The other day in English class we were talking about the movie (and the book) Twilight. The students know that I don't like the books, and we've talked about that kind of thing before. (I used it as an example for critical thinking about literature: it's okay to say you hate Twilight. It's not okay to say "because it's stupid" and think you're done. You have to give thoughtful reasons to back up your opinion.)
This time it was a little different: "Who would you pick," a girl asked me, "a werewolf or a vampire?"
"Neither!" said I. She looked a little shocked.
"Come on," she said, "Choose! Edward or Jacob!"
Now one reason why I don't like Twilight is because of the attitudes of the main character, Bella. She is a girl who cannot live without a boy (in this case Edward, the vampire). She doesn't think she's all that special, so she's very flattered by his attention. Before long he is watching her at night without her knowledge. She ends her relationships with her friends to be closer to him. In the second book she gives up her college fund because if there is no Edward in her life she doesn't see the point of continuing on with school. That's when she falls in with Jacob (he would be the werewolf), because she cannot live without the attentions of a man in her life, and Jacob is that man.
She has to choose. Werewolf or vampire.
To me this is not choice.
I have known women who have lived like this. They give up everything for their boyfriends; some of them drop out of university the minute they get their Mrs. degree. Some of them never get to university; some of them take dead-end jobs so that they can support the guy while he goes to school. They are so focused on making sure that they are in a relationship at all times, that they forget about their relationship with themselves, and with their future.

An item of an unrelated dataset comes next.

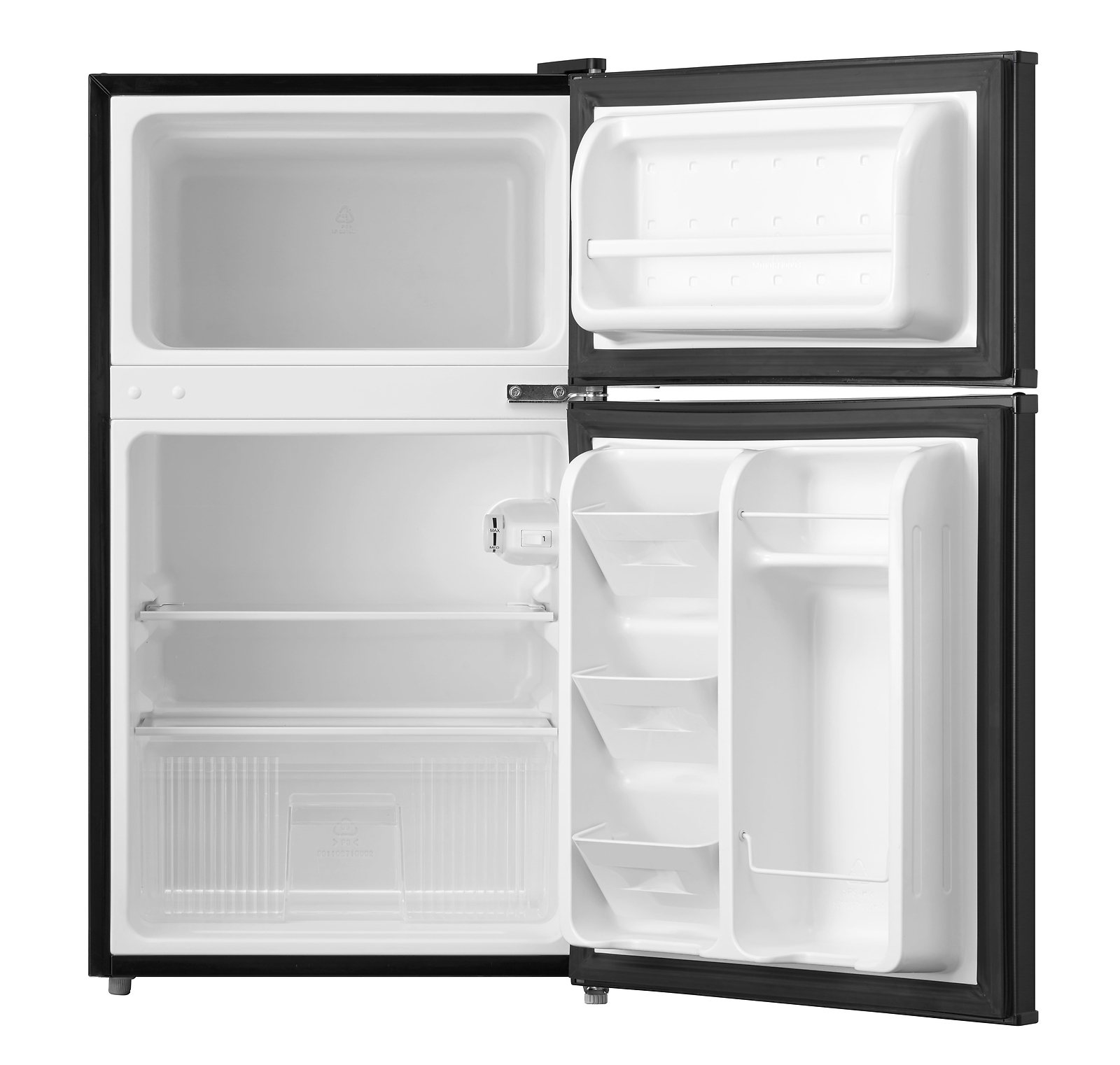 Black Mini Fridge with Freezer Reversible Two Door 3.2 Cu ft E-Star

Then what happens is the relationship ends. He walks out, or she does, or something bad ends things for them, and she winds up working the night shift in the 7-Eleven while her kids sleep so that she can earn enough money to pay for the crappy basement apartment they're living in until she can find a new man.

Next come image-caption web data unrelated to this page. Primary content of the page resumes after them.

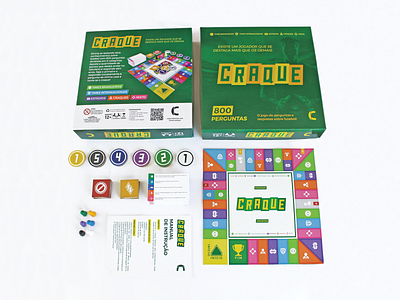 Craque boardgame board board game game game design icons logo packaging player player card quiz soccer stadium token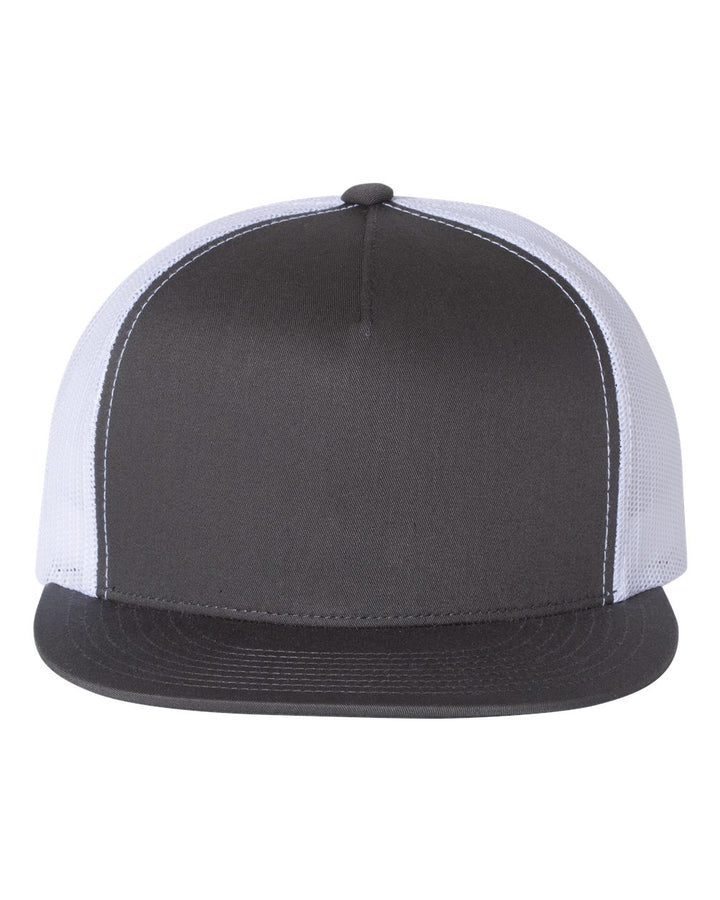 Custom Leather Patch on Yupoong 6006 Flat Bill Trucker Cap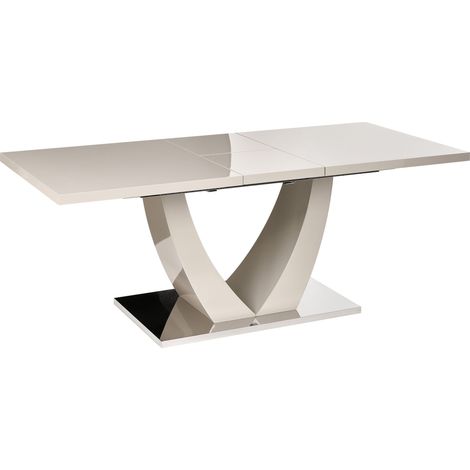 Tavolo da pranzo moderno allungabile con piano rettangolare in MDF 160/200 x 90 cm Sala da pranzo Cucina Beige chiaro Merran (1/5)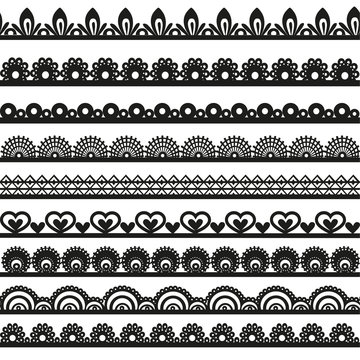 Large set of openwork lace borders black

Which she inevitably does. Werewolf or vampire. Same difference.
Sometimes that second choice works out: she now has a new man and can devote her entire being to him. She feels complete. Sometimes it doesn't work out, and she does the whole thing again.

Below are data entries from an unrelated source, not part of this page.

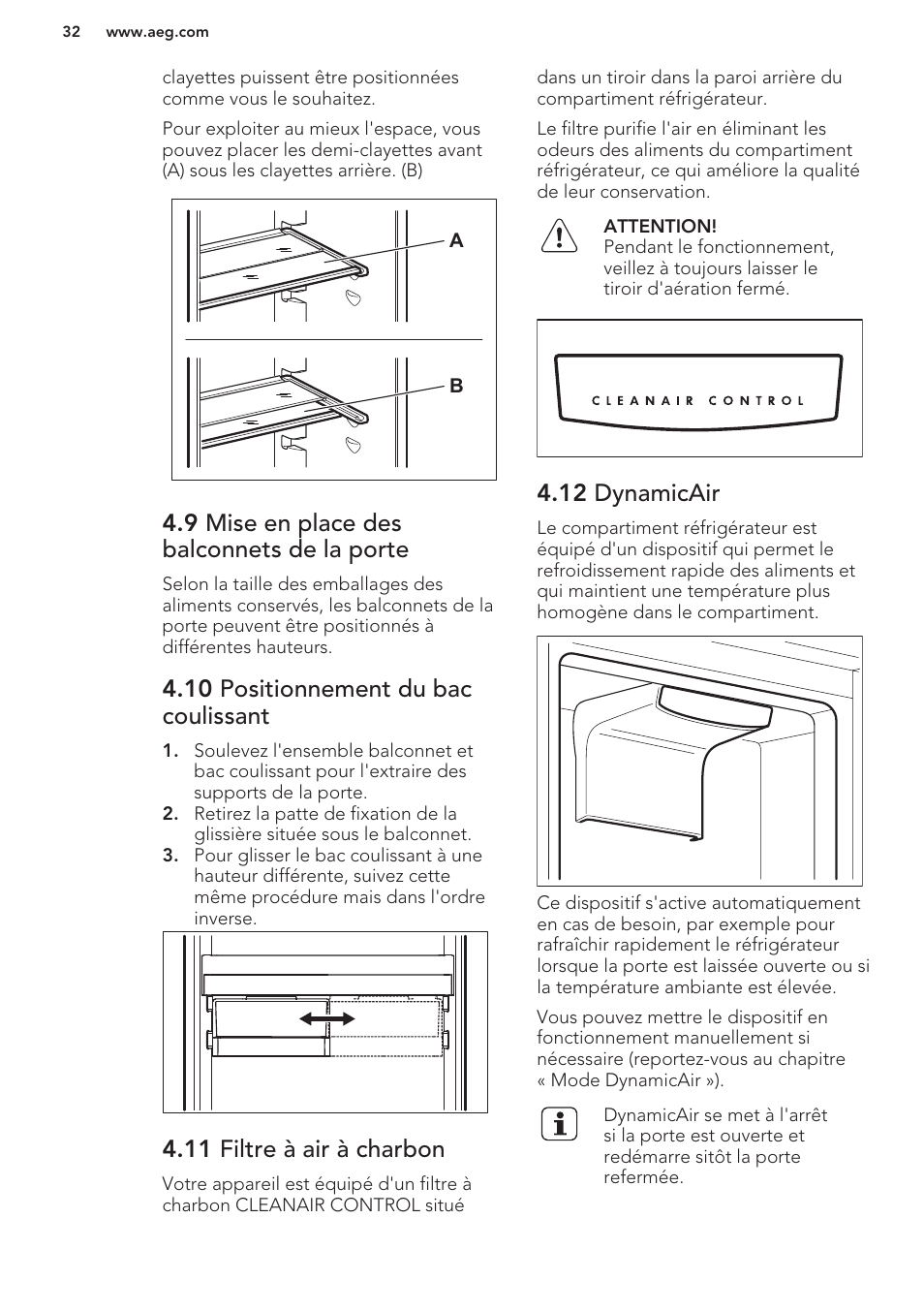 9 mise en place des balconnets de la porte, 10 positionnement du bac coulissant, 11 filtre à air à charbon | 12 dynamicair | AEG SCS51800S1 User Manual | Page 32 / 72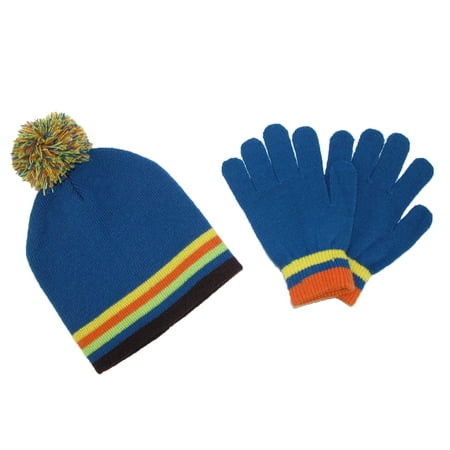Kid's Knit Striped Hat and Gloves Winter Set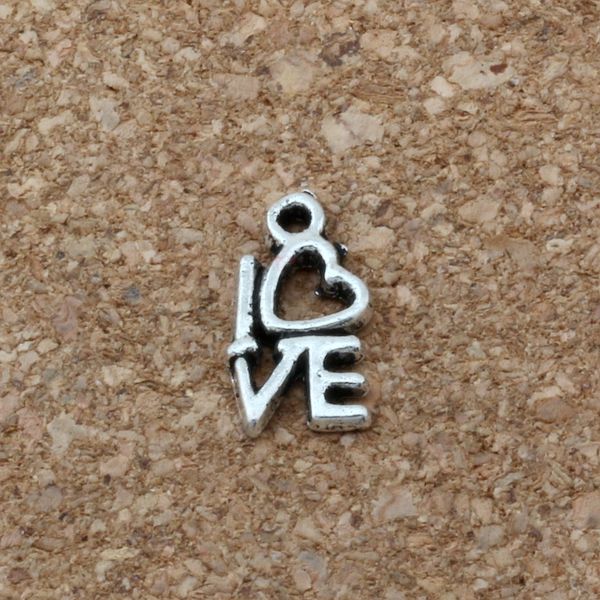 

love charms pendants 500pcs/lot sell antique silver jewelry diy 8 x14mm a-170, Bronze;silver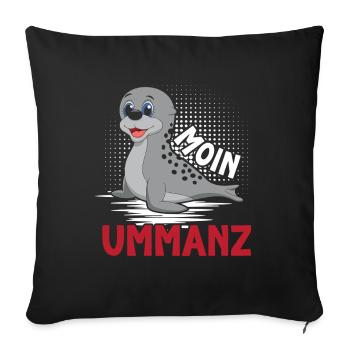 Insel Ummanz MOIN UMMANZ Ostsee Urlaub Lustig - Sofakissenbezug 45 x 45 cm - Schwarz - Vorne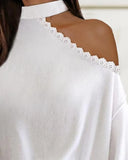 White Hollow out Lace High Neck Long Sleeve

"Which would you choose?" ask my students, their brilliant young minds, their untold potential, their glittering futures. "Werewolf or vampire?"
And I say: I choose neither. I choose to get a lot of education, because no one can take that away from you. I choose a career that is fulfilling and pays enough for me to support my own children. I choose to be whole in and of myself. I choose to not feel like I'm incomplete without a man in my life, I choose to live like a fully realized human being, regardless of what society thinks people of my gender should do.
I choose myself, and I choose (for lack of a more elegant phrase) to have a choice: I will decide how my life unfolds. I will not allow anyone to tell me who my friends are or what my future holds, or to destroy my life because he leaves.
And it scared the shit out of me to see my students look in disbelief and say "But you have to choose! Werewolf or vampire!"
What will become of us, if these are our choices?